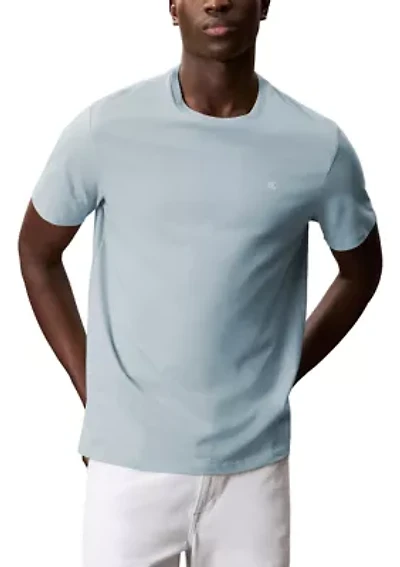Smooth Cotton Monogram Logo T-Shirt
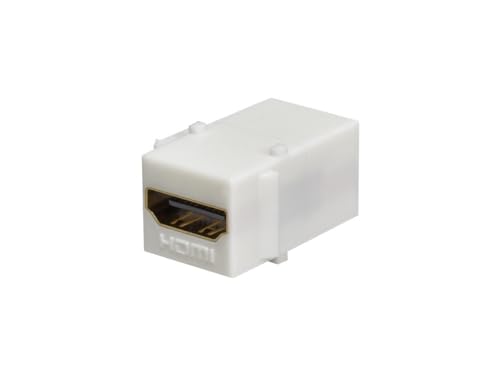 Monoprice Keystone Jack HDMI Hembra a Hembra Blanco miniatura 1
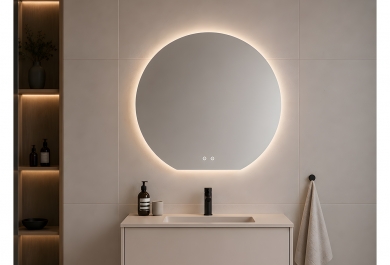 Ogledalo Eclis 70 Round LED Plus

* * *

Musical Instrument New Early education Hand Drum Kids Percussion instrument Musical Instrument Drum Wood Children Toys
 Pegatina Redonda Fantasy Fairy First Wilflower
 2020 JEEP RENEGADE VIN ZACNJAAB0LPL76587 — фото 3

TO DO -
Skip every picture, and restate word for word only the lines above from the line containing "Monoprice Keystone Jack" to the line containing "Ogledalo Eclis 70 Round LED Plus", both of them included.

TASK OUTPUT -
 Monoprice Keystone Jack HDMI Hembra a Hembra Blanco miniatura 1
 Ogledalo Eclis 70 Round LED Plus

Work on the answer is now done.